INPUT MATERIAL |
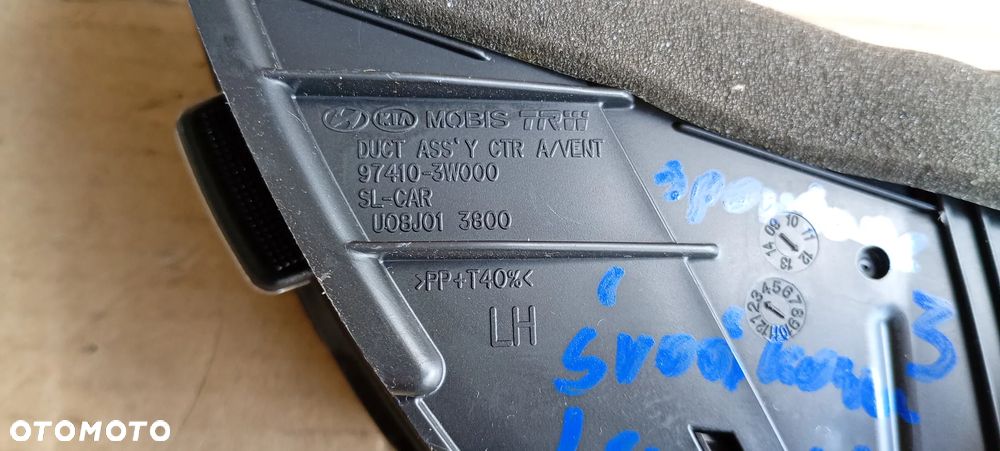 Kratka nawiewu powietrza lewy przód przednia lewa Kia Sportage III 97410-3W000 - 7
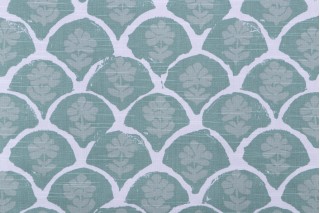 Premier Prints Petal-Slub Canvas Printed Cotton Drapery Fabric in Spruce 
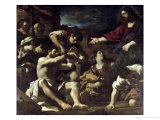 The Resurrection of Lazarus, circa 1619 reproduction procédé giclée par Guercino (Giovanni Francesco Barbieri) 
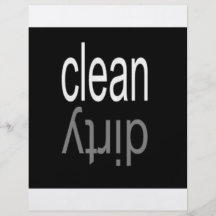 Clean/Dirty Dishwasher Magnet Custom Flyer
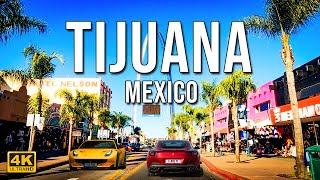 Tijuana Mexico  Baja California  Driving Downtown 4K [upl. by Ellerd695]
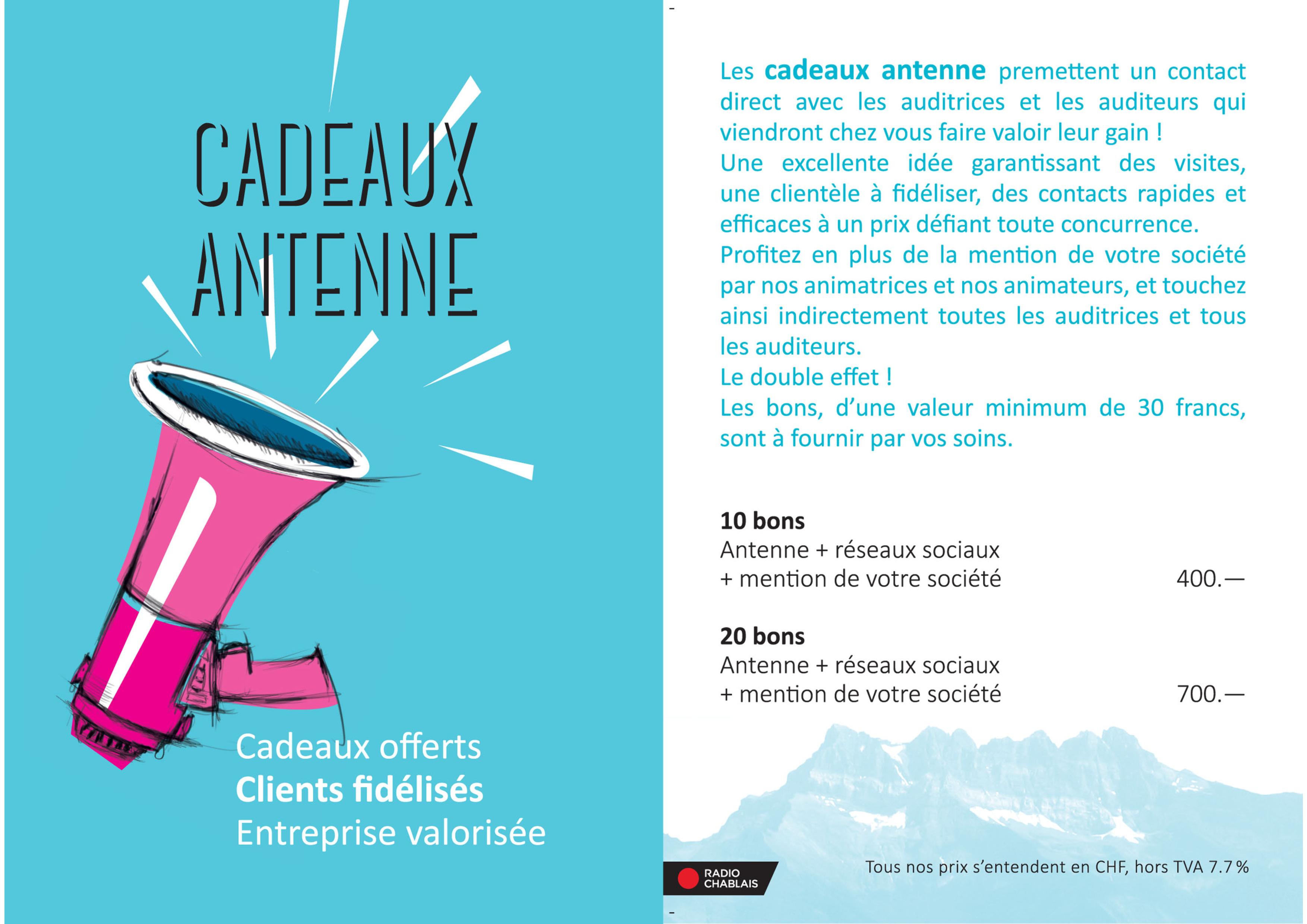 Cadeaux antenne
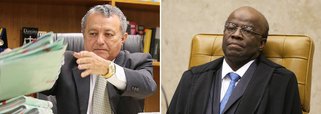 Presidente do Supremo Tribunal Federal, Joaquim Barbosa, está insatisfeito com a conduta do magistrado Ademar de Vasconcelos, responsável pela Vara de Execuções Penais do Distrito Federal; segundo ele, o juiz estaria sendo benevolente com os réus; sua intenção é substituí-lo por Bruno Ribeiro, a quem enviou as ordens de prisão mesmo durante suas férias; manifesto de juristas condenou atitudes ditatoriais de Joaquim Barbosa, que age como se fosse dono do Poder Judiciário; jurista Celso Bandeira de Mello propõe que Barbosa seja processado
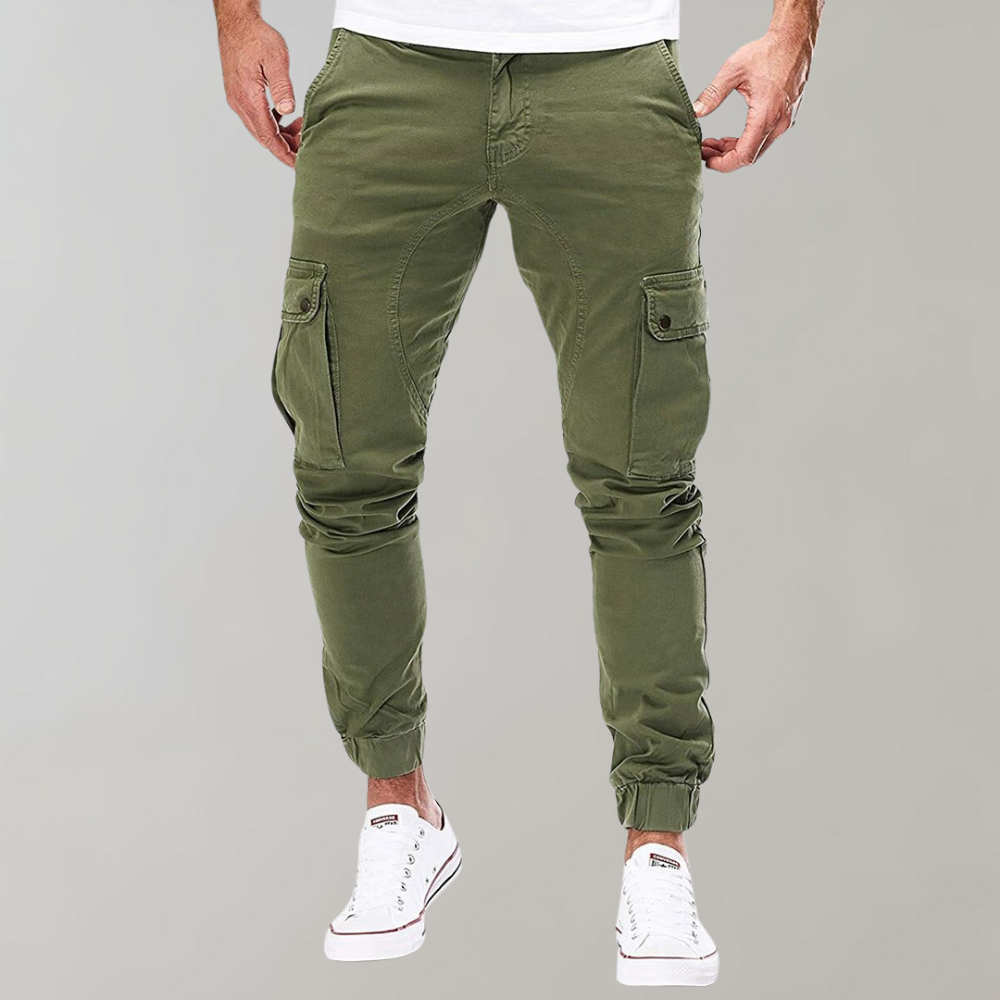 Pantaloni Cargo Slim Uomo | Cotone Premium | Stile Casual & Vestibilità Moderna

...

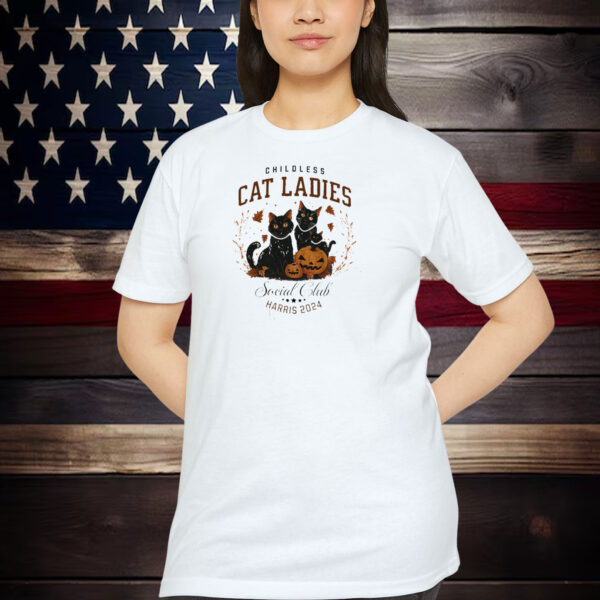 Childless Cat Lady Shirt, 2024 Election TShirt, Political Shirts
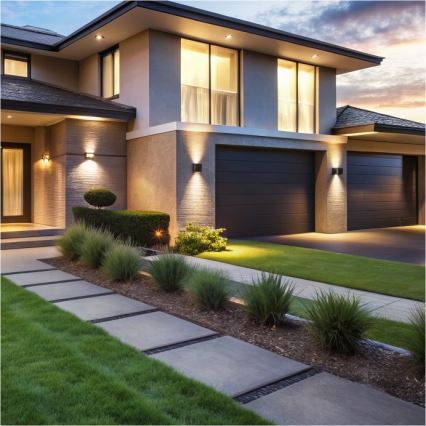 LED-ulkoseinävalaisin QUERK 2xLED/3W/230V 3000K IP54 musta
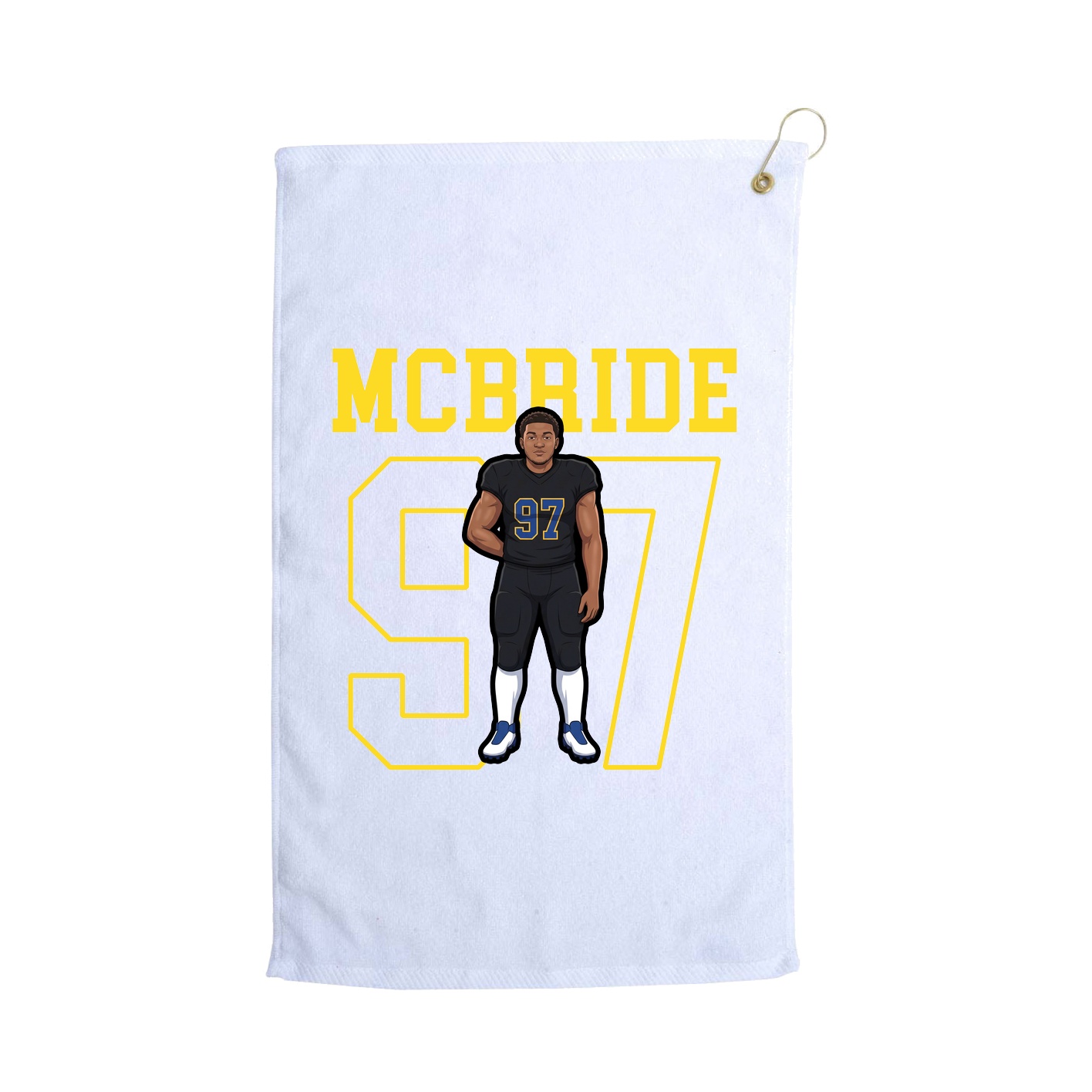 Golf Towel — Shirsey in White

REQUIREMENT | Among the records above, locate the line containing "Clean/Dirty Dishwasher Magnet Custom Flyer" and the line containing "Cadeaux antenne", then transcribe exactly the lines starting at the first and ending at the second, with no pictures.

RESPONSE FOR THIS EXERCISE |
 Clean/Dirty Dishwasher Magnet Custom Flyer
 Tijuana Mexico  Baja California  Driving Downtown 4K [upl. by Ellerd695]
 Cadeaux antenne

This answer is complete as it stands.